Fun facts about the Perseid meteor showers
If you have curious kids, they'll want to know exactly what they're looking at and will have a lot of questions. Impress your kids with your vast knowledge of the universe with these five fun facts from Astronomy.com:
- The Perseids are caused by a giant comet 109P/Swift-Tuttle, which left a wide stream of debris in its wake. Earth is passing through that debris. But don't worry – they're small pieces, each about the size of a grain of sand, so they won't hurt us.
- Mid-August is the peak of the Perseids because we will be passing through the densest portion of the debris.
- We see the "shooting stars" (that aren't really stars) when the tiny pieces of dirt and dust hit our atmosphere at a high speed and make a flash of light when they burn up.
- During most nights of the Perseids, you might be lucky enough to see a dozen or two meteors an hour. But during the peak nights, you can expect to see 50-70 per hour, depending on how dark it is around you!

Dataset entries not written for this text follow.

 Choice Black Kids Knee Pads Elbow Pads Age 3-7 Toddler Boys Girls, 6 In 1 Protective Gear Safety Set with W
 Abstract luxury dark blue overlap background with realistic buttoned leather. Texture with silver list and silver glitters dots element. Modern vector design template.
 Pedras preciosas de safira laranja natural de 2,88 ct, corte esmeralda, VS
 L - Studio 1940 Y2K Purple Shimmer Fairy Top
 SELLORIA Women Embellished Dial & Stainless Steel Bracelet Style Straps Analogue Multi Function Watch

- It's called the Perseid meteor shower because the meteors look like they are coming from the constellation Perseus.
Aaron Echols via Canva
How to see the free show
Where do you look for these little falling balls of light? Just look up! There's not one particular direction to look, but east right before sunrise when the moon is low in the sky will give you the best luck.

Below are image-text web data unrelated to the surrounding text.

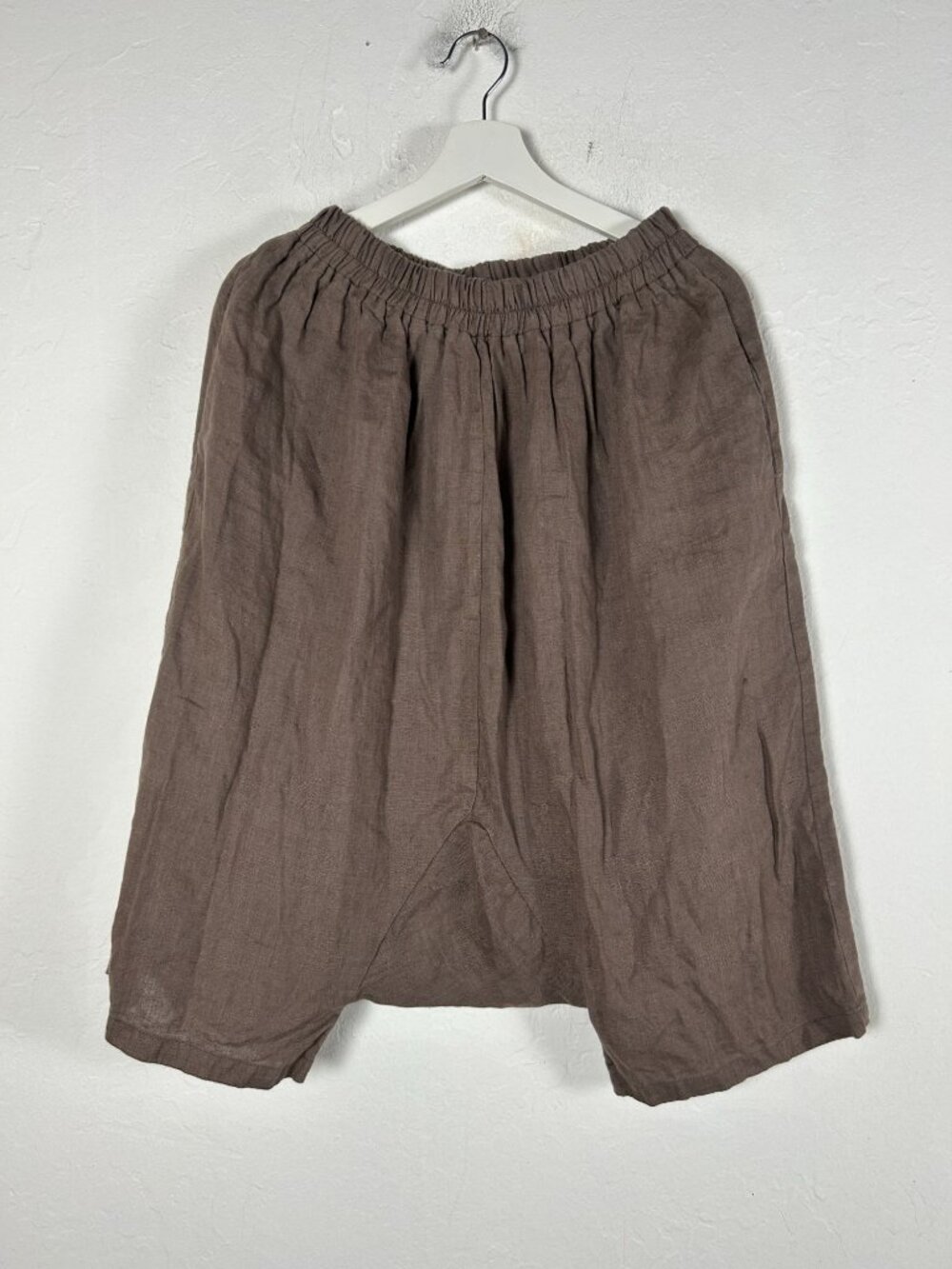 Linen Fairytales Womens Wendy Pants Medium Relaxed Loose Fit Brown Elastic Waist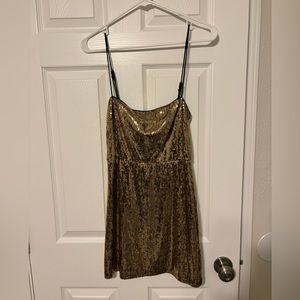 Urban Outfitters Gold Sequin Dress Size Small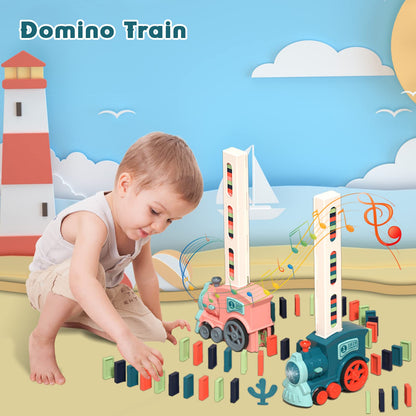 Noaideoi Domino Train Toy Set for Kids, Automatic Dominoes Blocks Building and Stacking Toys Creative Kids Games Early Education Christmas Birthday Gift Boys Girls Age 3 4 5 6 7 8 Year Old (Cyan)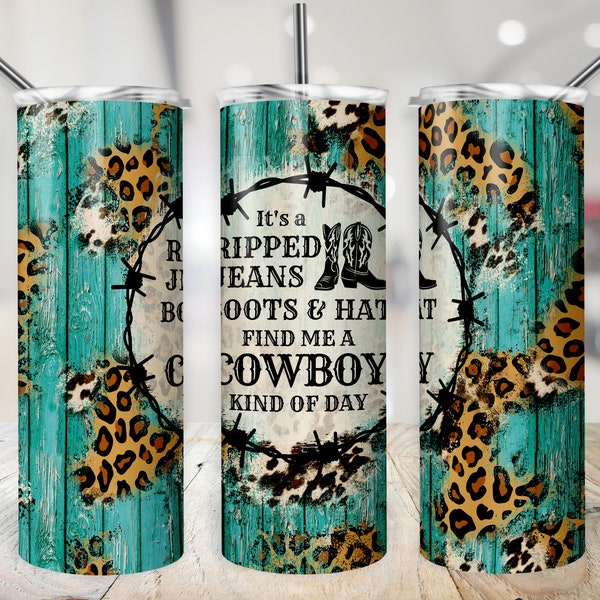 Cowboy Tumbler Wrap Western Cup Wrap Ripped Jeans Boots & Hat Wood Cowhide Leopard Print Sublimation Template 20 oz PNG Digital Design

The really cool part is you don't need special equipment to see the Perseid meteor showers. In fact, it's easier to view it with your naked eye than through the limited lens of a telescope or binoculars.
Bonus: Venus, Mars, Jupiter, and Saturn can all be seen during August. You can read more about spotting them at www.astronomy.com.
The best way to view the Perseids is when the sky is clear and dark and you're away from a lot of light. So head out of town. Grab a blanket (lying down gives you the widest view of the sky), jackets, and snacks, then find a safe place to watch and have a blast making memories with your kids.